Edward Powys Mathers


Edward Powys Mathers was an English translator and poet, and also a pioneer of compiling advanced cryptic crosswords.

Biography

Powys Mathers was born on 28 August 1892 in Forest Hill, London, England, the son of Edward Peter Mathers, newspaper proprietor. He was educated at Loretto School and Trinity College, Oxford.
He translated J. C. Mardrus's French version of One Thousand and One Nights. His English version of Mardrus appeared in 1923, and is known as Mardrus/Mathers. He also translated The Garden of Bright Waters: One Hundred and Twenty Asiatic Love Poems ; and the Kashmiri poet Bilhana in Bilhana: Black Marigolds, a free interpretation in the tradition of Edward FitzGerald, quoted at length in John Steinbeck's 1945 novel Cannery Row. These are not scholarly works, and are in some cases based on intermediate versions in European languages. Some of his translations were set to music by Aaron Copland.

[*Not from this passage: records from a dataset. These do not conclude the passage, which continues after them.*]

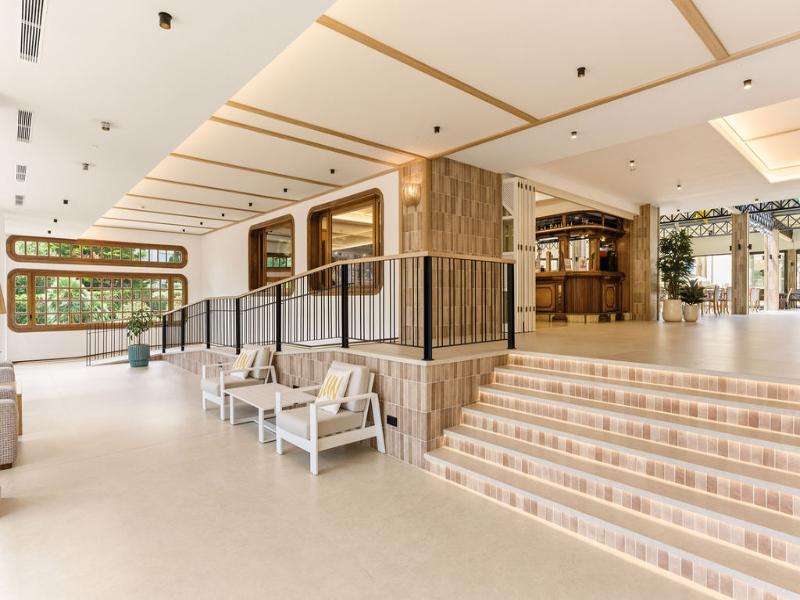 Aparthotel Aquasol image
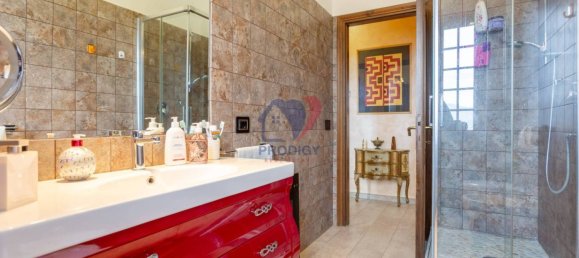 4 chambres Villa à Tarano, Italy No. 202259 23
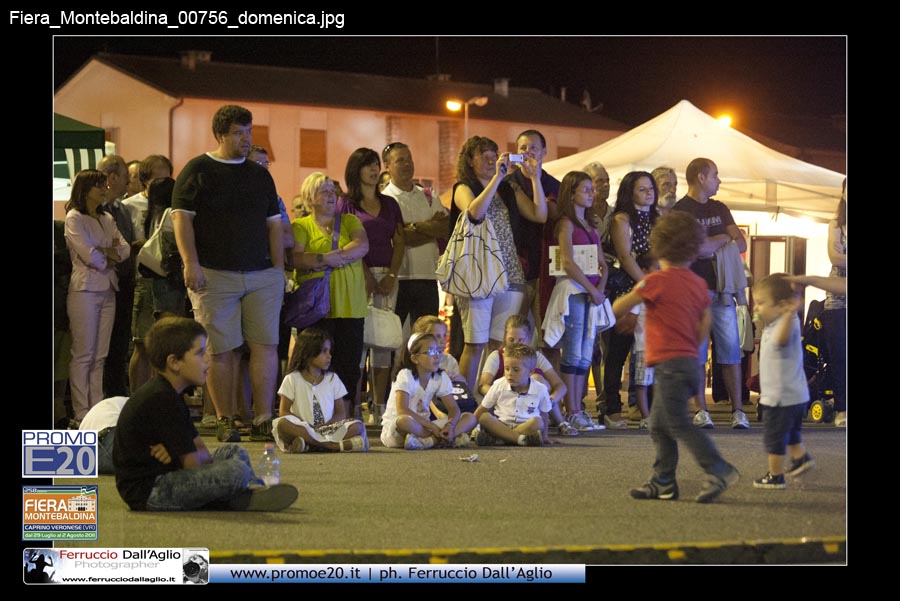 Fiera_Montebaldina_00756_domenica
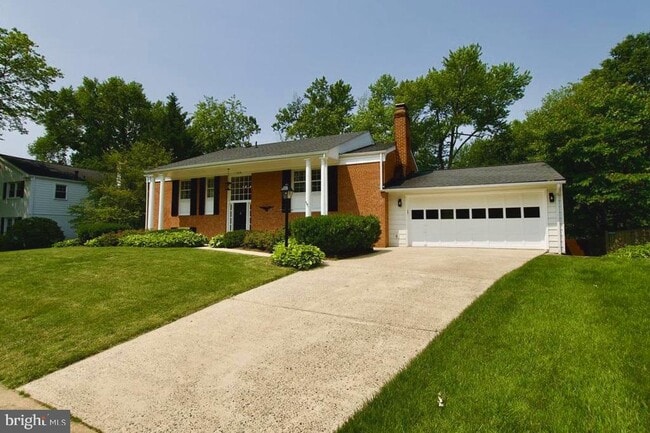 Photo - 1318 MacBeth St Casa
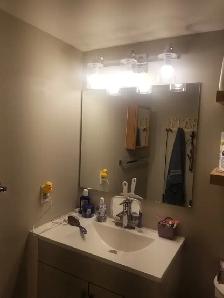 Condo for Rent 503-144 Queen Street Bowmanville Ontario L1C 1M9 - Photo 7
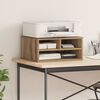 Produktminiatyrbild 2 av 11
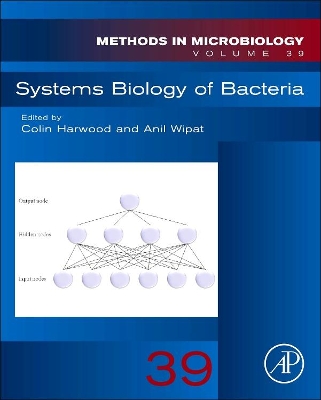Taxonomy of Prokaryotes book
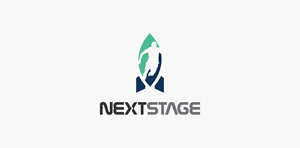 Logo Design by Tamgraphic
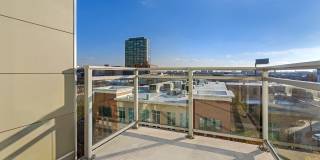 1132 W Adams Street Gallery 18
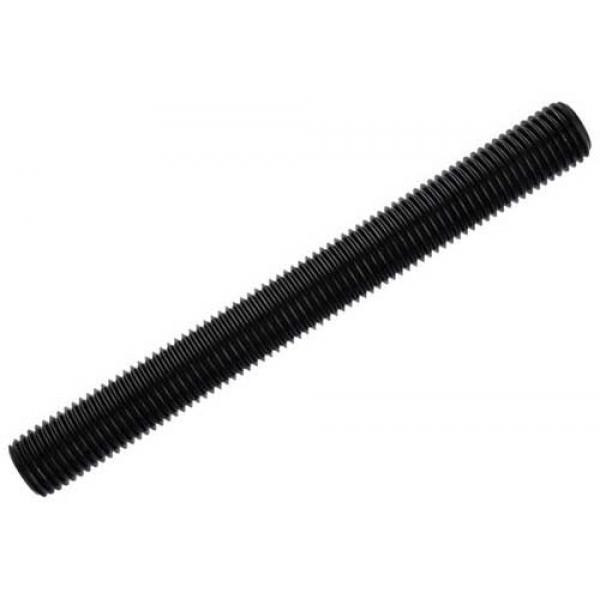 Buy Bolt Recomplex 933T1 (Naked_ M12) (Force 9333t1-B12)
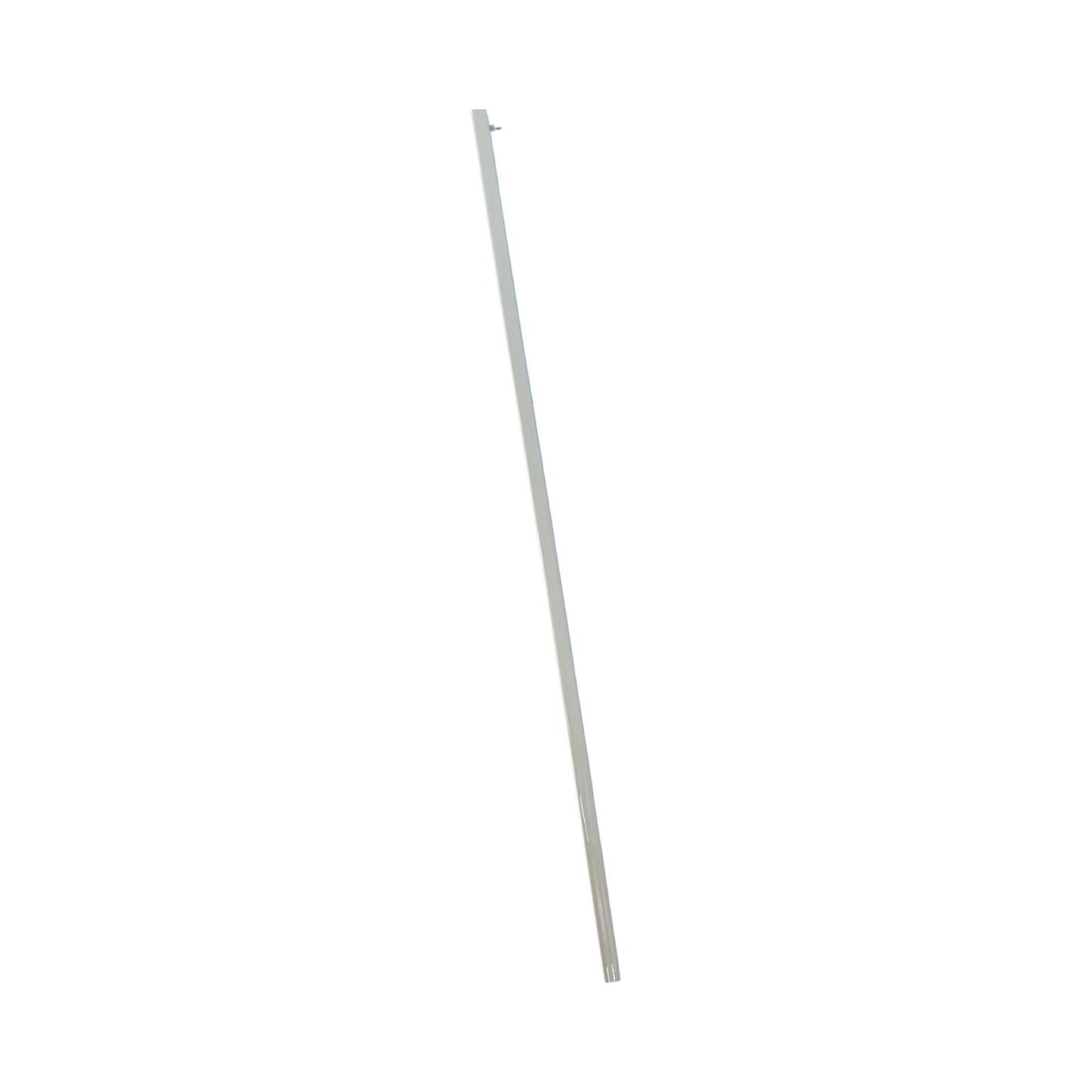 š¦ Kraken Structural Pixel Mounting System ā Durable PVC Track for 12mm Pixels, 90-Foot Kit š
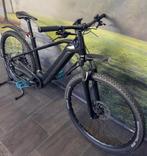 PRACHTIGE Cube Reaction One Electrische MTB + BOSCH CX 85NM, Fietsen en Brommers, 59 cm of meer, Ophalen of Verzenden, Zo goed als nieuw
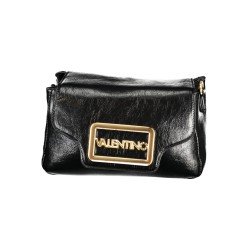 VALENTINO BAGS BORSA DONNA NERO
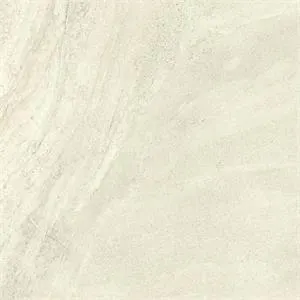 Arvella Life Bianco 60X60 cm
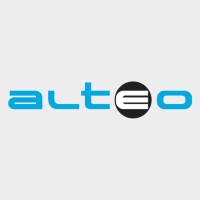 Alteo Inc. logo, Alteo Inc. contact details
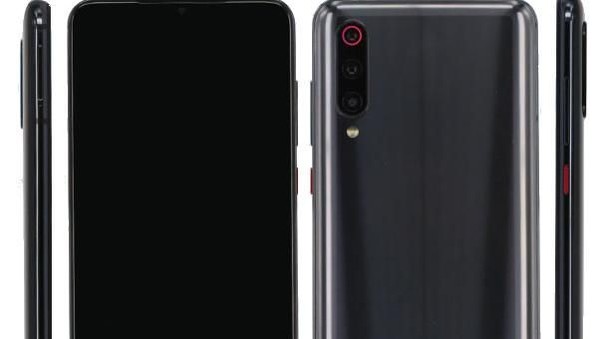 Xiaomi Siapkan Mi 9S, Speknya Gahar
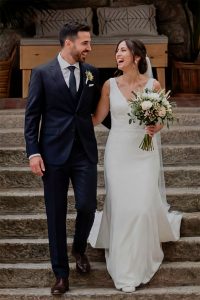 Descubre ahora todo lo que puede ofrecerte Espacio 1902 y empieza a diseñar la boda que siempre has imaginado.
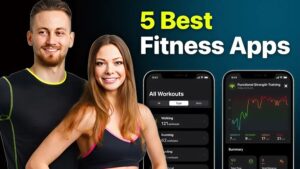 Best Health and Fitness Apps to Boost Your Health in 2025_3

As noted by The [New York Times], Powys Mathers "rendered into English poems from almost all the Asiatic languages: from Sanskrit and Chinese, Annamese and Arabic, Hindustani and Afghan."
Powys Mathers was notable as a composer of cryptic crosswords for The Observer, from 1926 until his death, using the pseudonym "Torquemada". under which name he reviewed detective stories from 1934 to 1939. Powys Mathers was the author of Crosswords for Riper Years and The Torquemada Puzzle Book, which included the murder mystery puzzle Cain's Jawbone.
In 1919, he married Rosamond Crowdy, third daughter of Colonel H. Crowdy, RE.
Powys Mathers died in his sleep at his home in Hampstead, London, on 3 February 1939, aged 46.